Task goal:
Pictures must not appear in the copy. Set down exactly the line with "There is text" and each line after it through the end of the data below.

Source information:
______
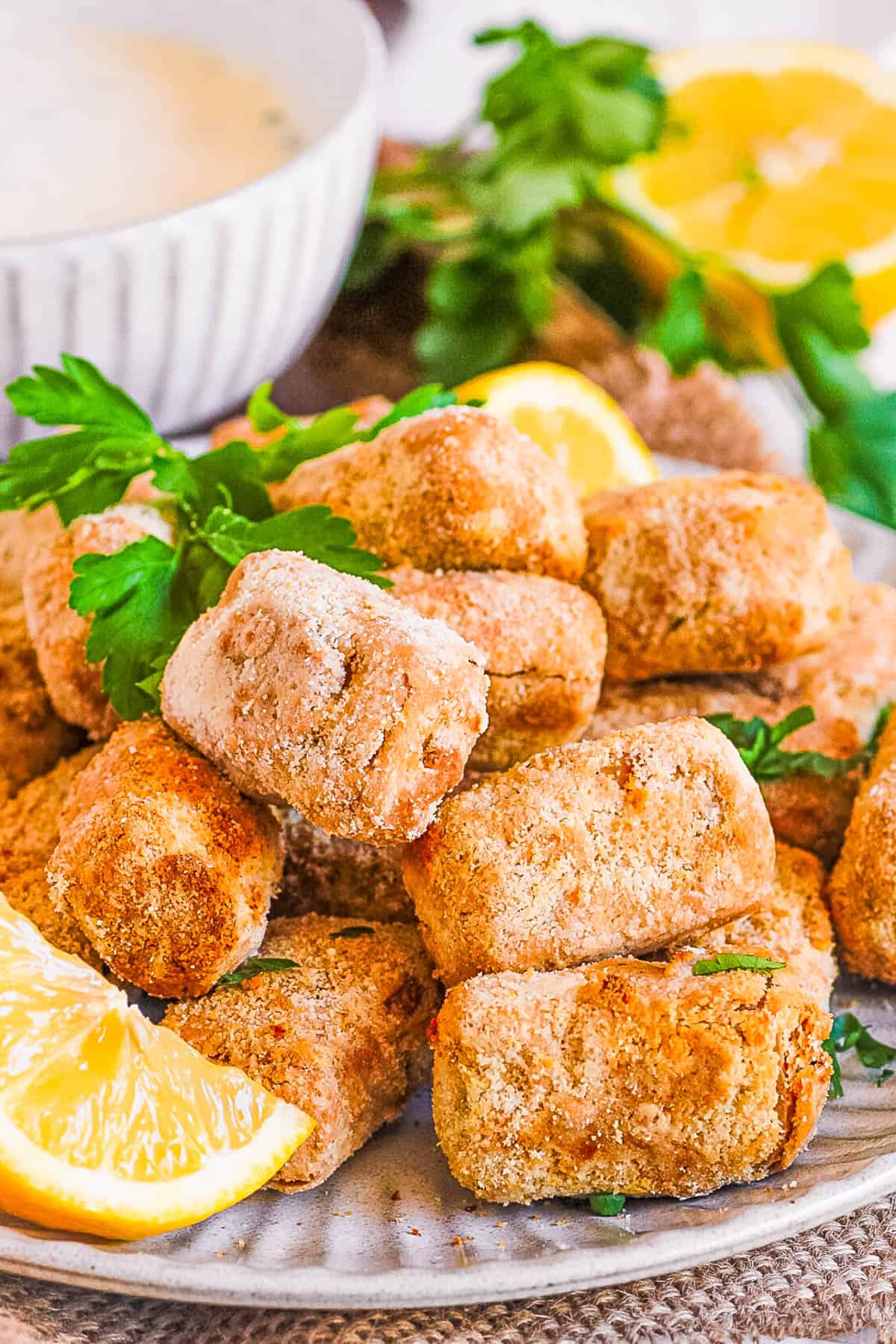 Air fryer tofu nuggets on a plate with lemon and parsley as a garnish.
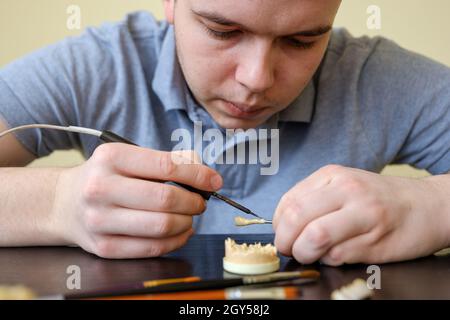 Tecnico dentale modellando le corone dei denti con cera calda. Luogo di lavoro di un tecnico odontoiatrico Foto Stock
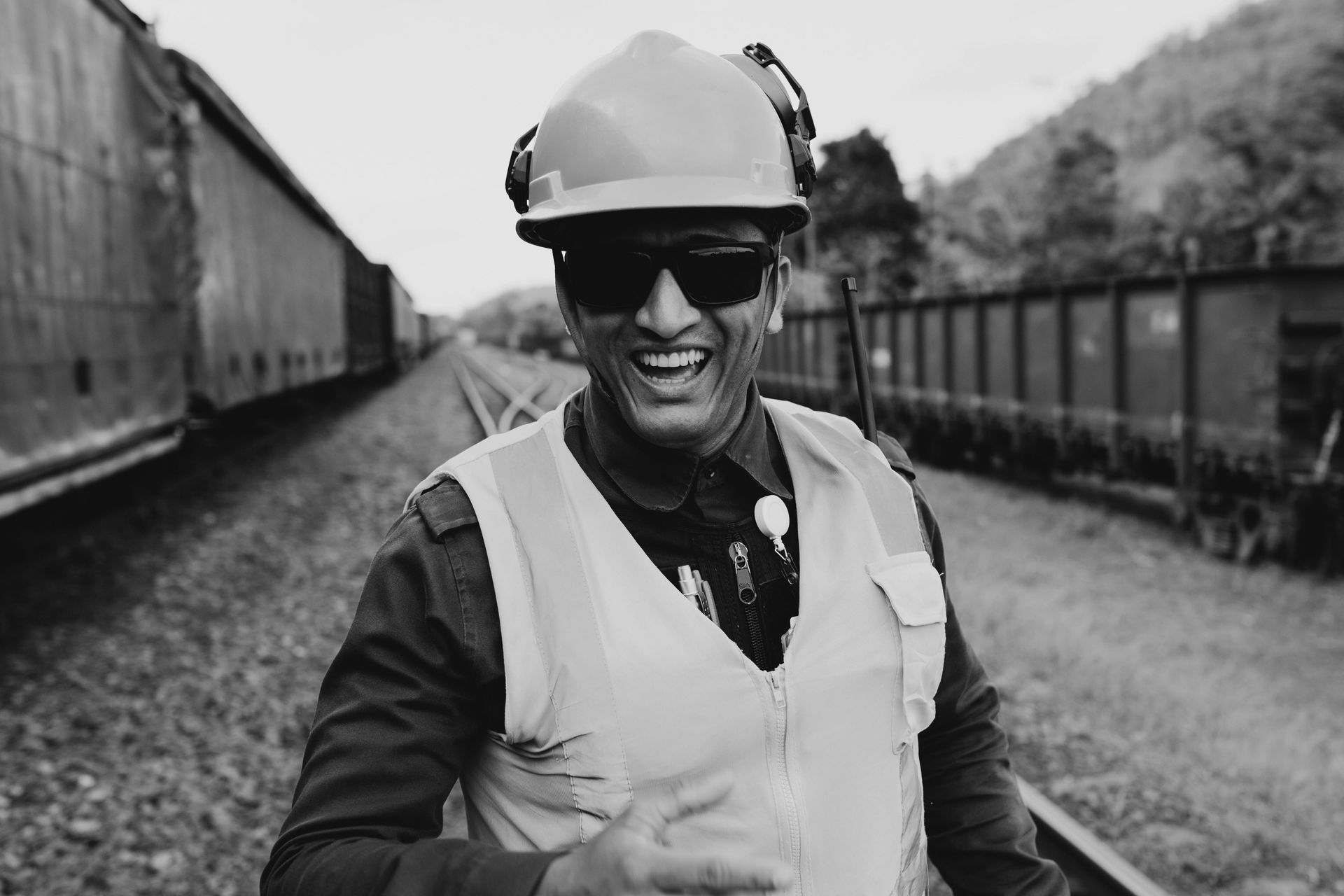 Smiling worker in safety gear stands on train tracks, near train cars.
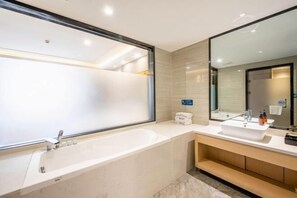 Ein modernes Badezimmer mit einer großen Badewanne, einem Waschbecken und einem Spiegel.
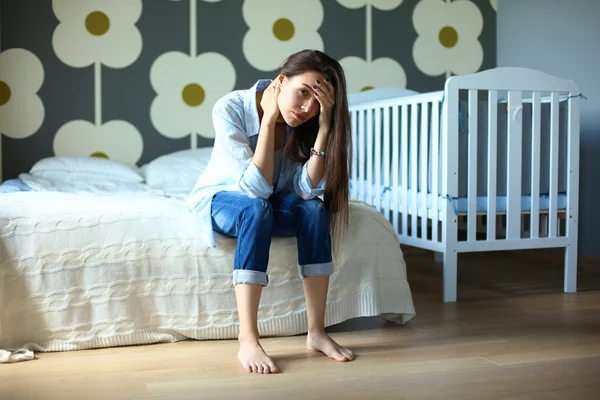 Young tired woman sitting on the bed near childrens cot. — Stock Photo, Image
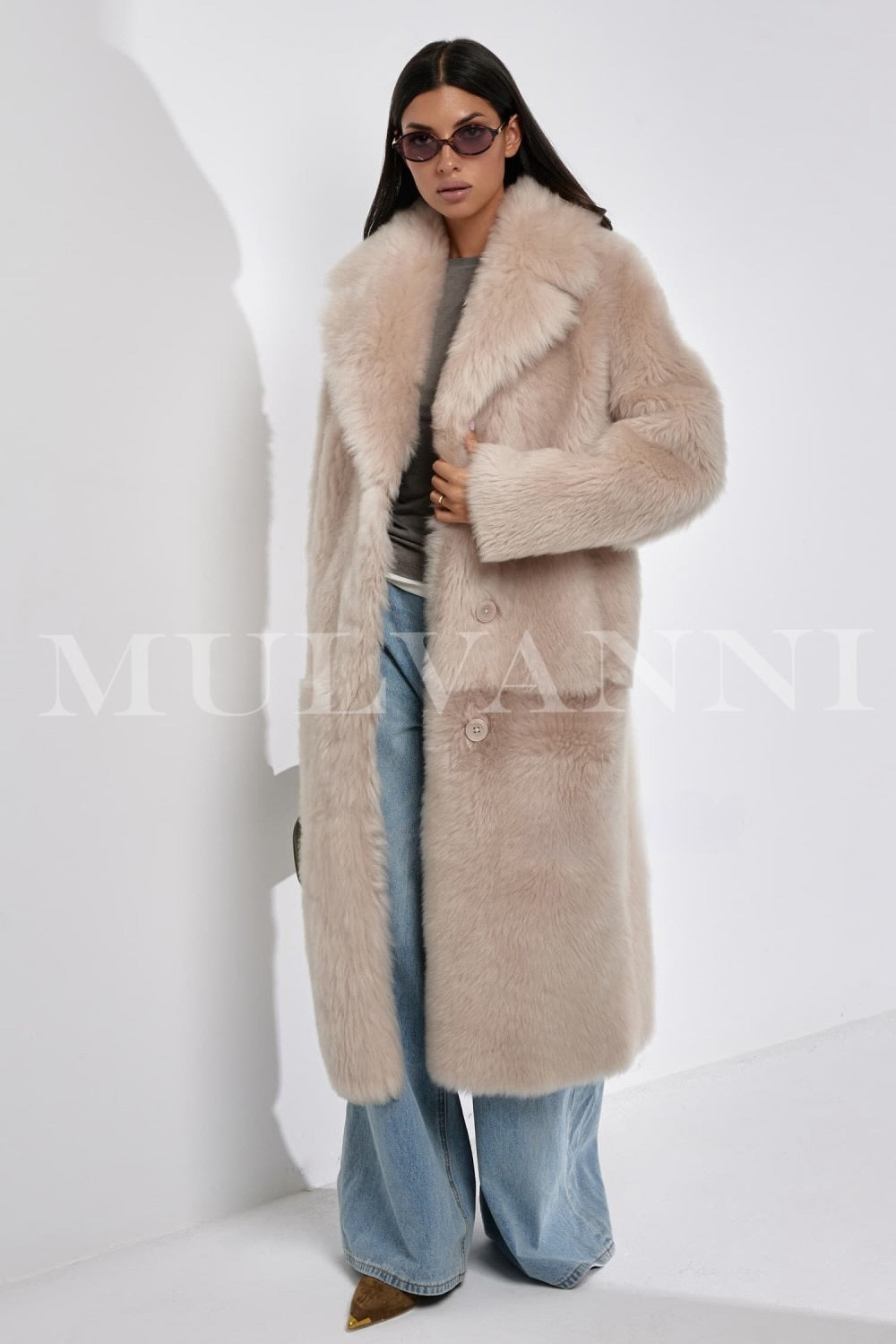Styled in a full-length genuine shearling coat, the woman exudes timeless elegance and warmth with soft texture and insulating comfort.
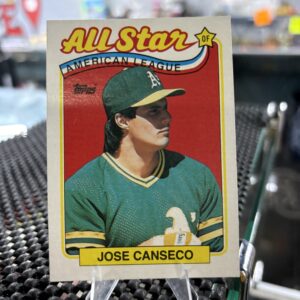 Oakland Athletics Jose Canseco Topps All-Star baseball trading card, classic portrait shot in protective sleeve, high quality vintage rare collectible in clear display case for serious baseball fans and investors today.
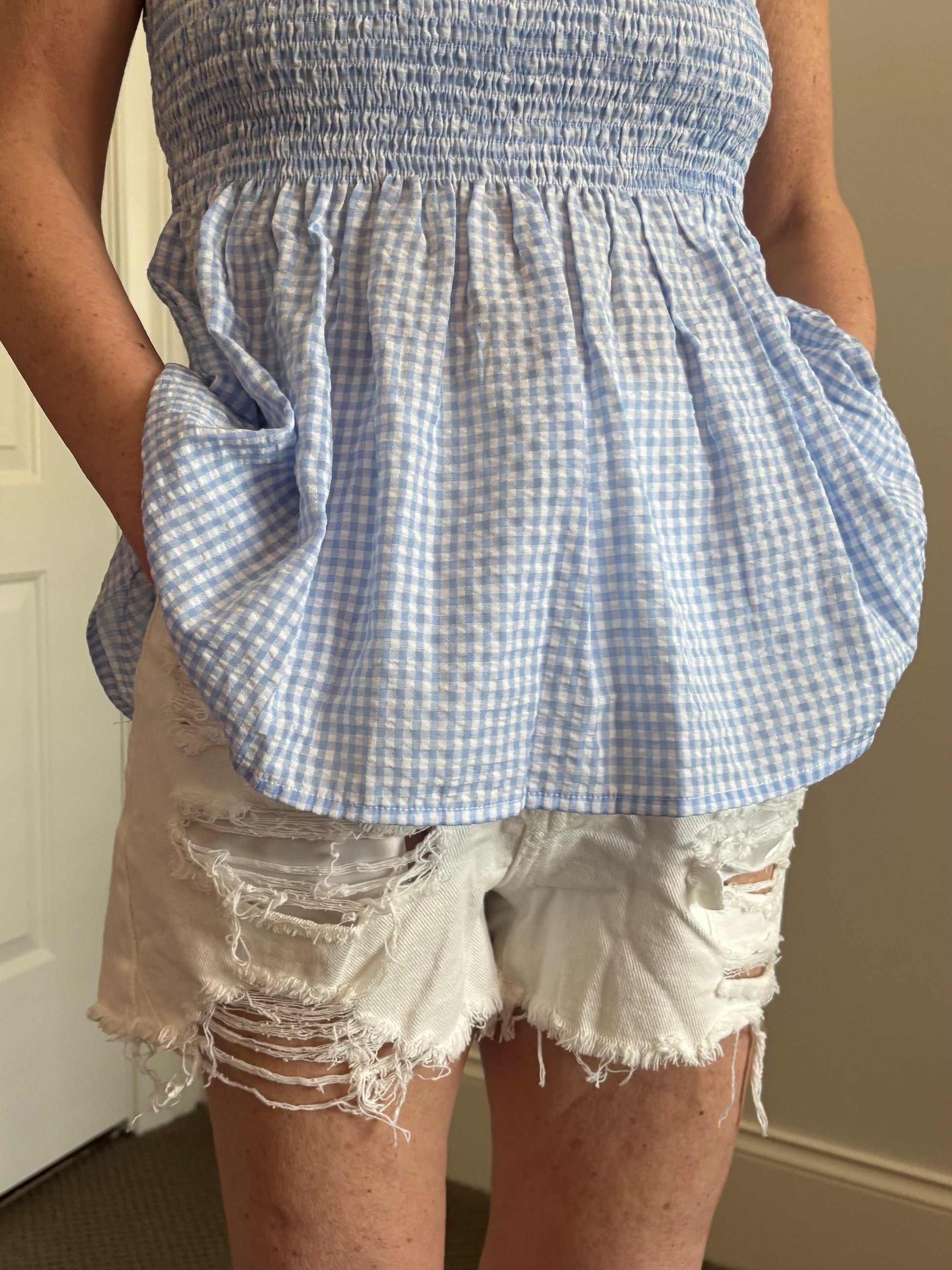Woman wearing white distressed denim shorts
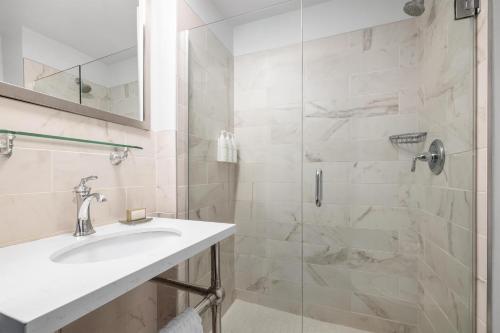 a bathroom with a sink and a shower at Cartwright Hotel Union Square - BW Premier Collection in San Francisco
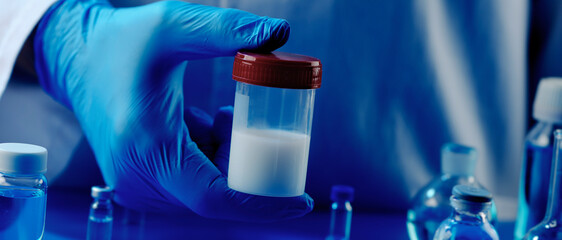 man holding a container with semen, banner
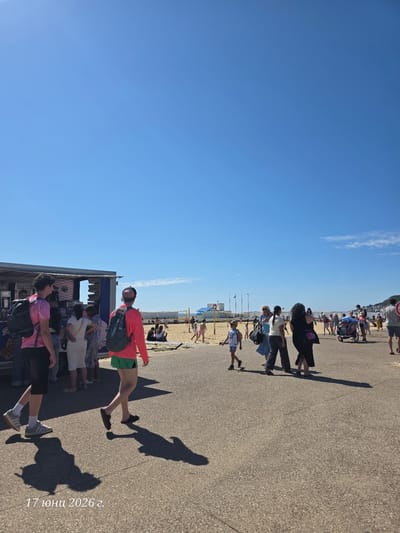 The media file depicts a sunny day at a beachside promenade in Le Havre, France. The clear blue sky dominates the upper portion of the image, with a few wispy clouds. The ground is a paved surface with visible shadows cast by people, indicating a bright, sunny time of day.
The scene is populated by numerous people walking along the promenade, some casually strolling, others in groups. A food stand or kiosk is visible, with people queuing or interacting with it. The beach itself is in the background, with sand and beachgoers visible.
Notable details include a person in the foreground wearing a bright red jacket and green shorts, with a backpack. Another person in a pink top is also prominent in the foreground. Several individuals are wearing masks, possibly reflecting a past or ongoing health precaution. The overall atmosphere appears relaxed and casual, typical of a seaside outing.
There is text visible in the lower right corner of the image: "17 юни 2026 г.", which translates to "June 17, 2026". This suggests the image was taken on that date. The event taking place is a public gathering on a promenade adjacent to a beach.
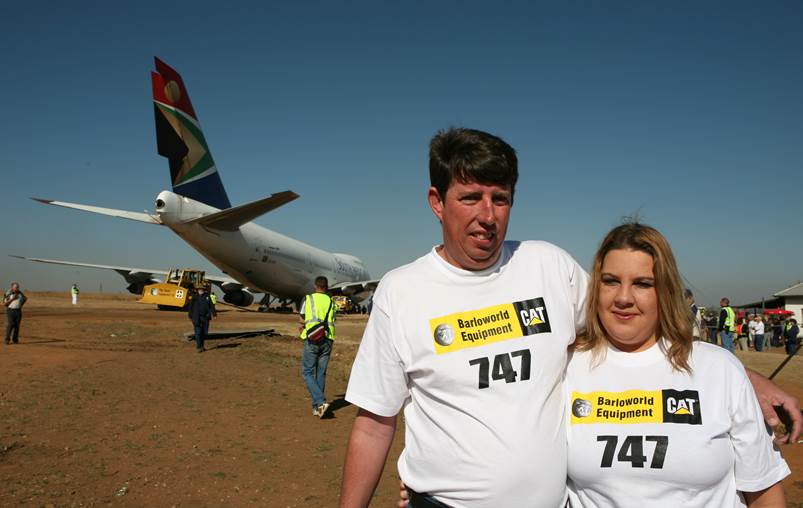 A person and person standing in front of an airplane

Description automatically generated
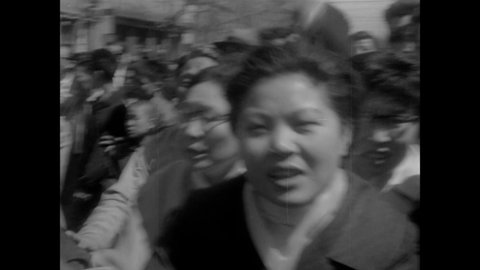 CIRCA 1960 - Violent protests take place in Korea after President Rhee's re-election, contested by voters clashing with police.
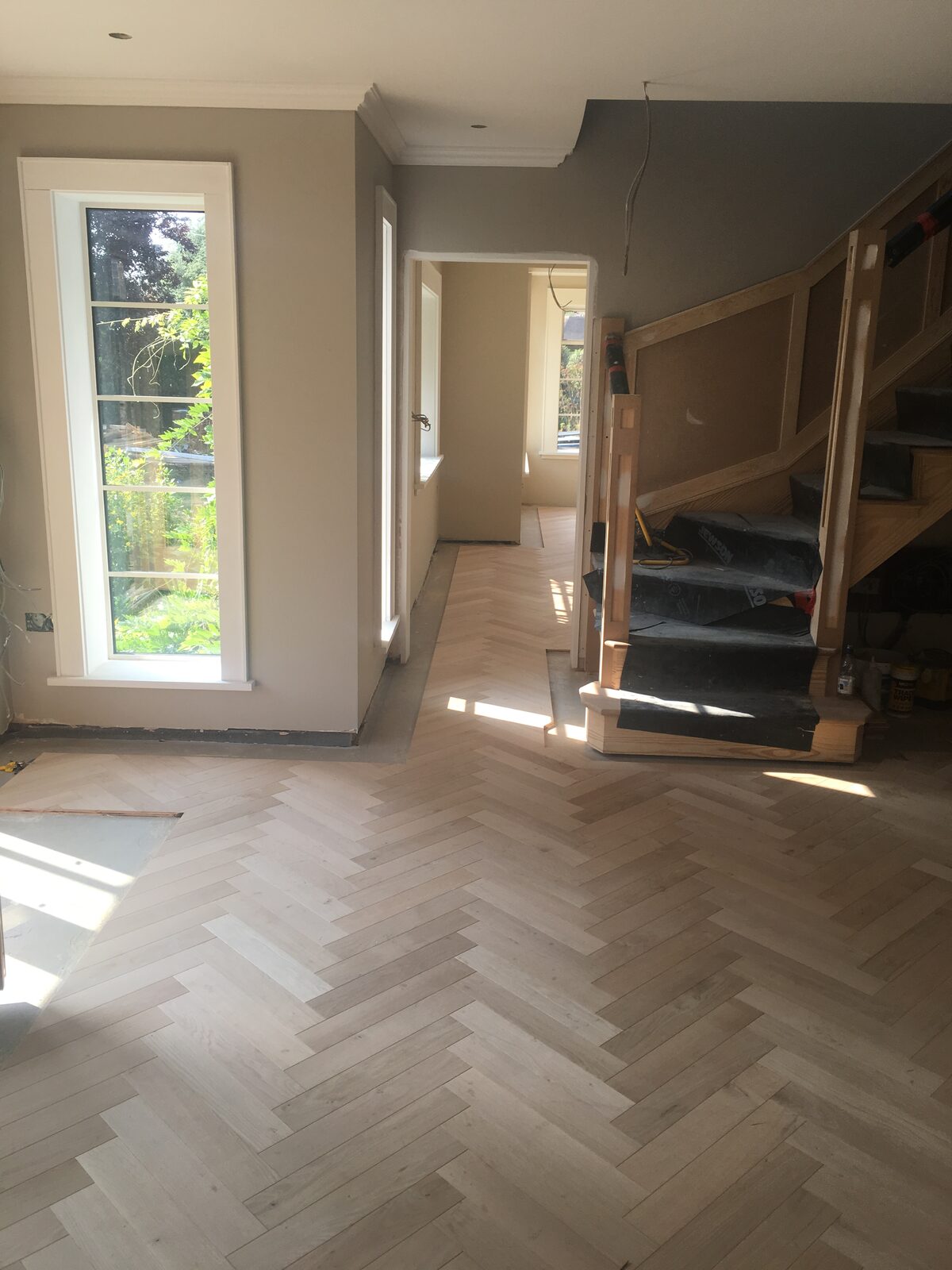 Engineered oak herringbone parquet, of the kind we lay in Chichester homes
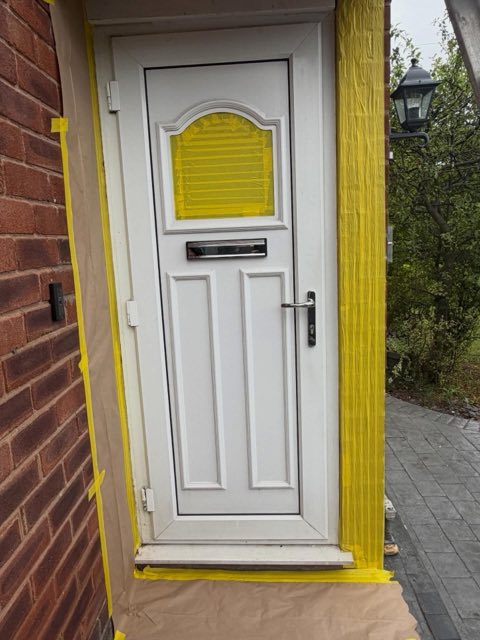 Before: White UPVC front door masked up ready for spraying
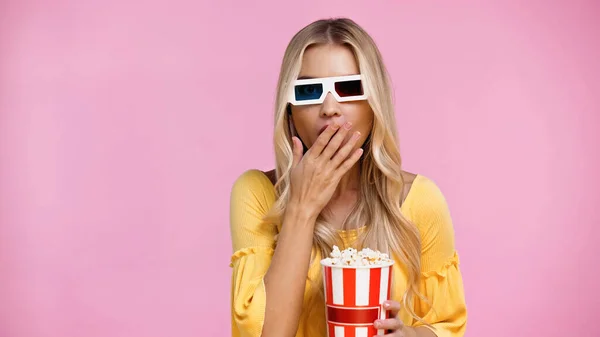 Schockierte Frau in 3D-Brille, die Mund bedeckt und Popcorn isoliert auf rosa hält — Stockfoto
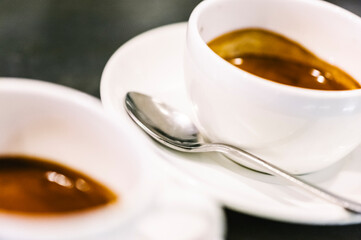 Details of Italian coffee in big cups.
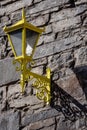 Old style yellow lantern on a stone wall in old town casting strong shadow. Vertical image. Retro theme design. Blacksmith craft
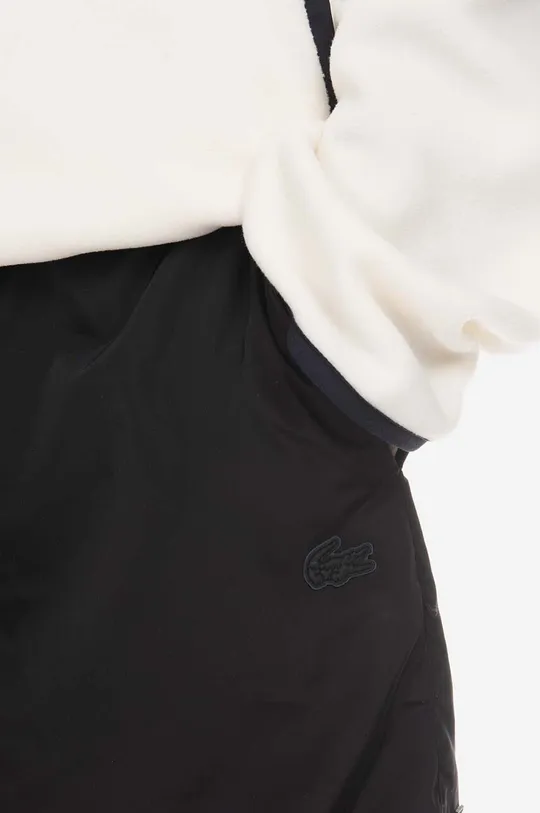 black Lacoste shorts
______
Solution for this problem:
There is text visible in the lower right corner of the image: "17 юни 2026 г.", which translates to "June 17, 2026". This suggests the image was taken on that date. The event taking place is a public gathering on a promenade adjacent to a beach.
 A person and person standing in front of an airplane

Description automatically generated
 CIRCA 1960 - Violent protests take place in Korea after President Rhee's re-election, contested by voters clashing with police.
 Engineered oak herringbone parquet, of the kind we lay in Chichester homes
 Before: White UPVC front door masked up ready for spraying
 Schockierte Frau in 3D-Brille, die Mund bedeckt und Popcorn isoliert auf rosa hält — Stockfoto
 Details of Italian coffee in big cups.
 Old style yellow lantern on a stone wall in old town casting strong shadow. Vertical image. Retro theme design. Blacksmith craft
 black Lacoste shorts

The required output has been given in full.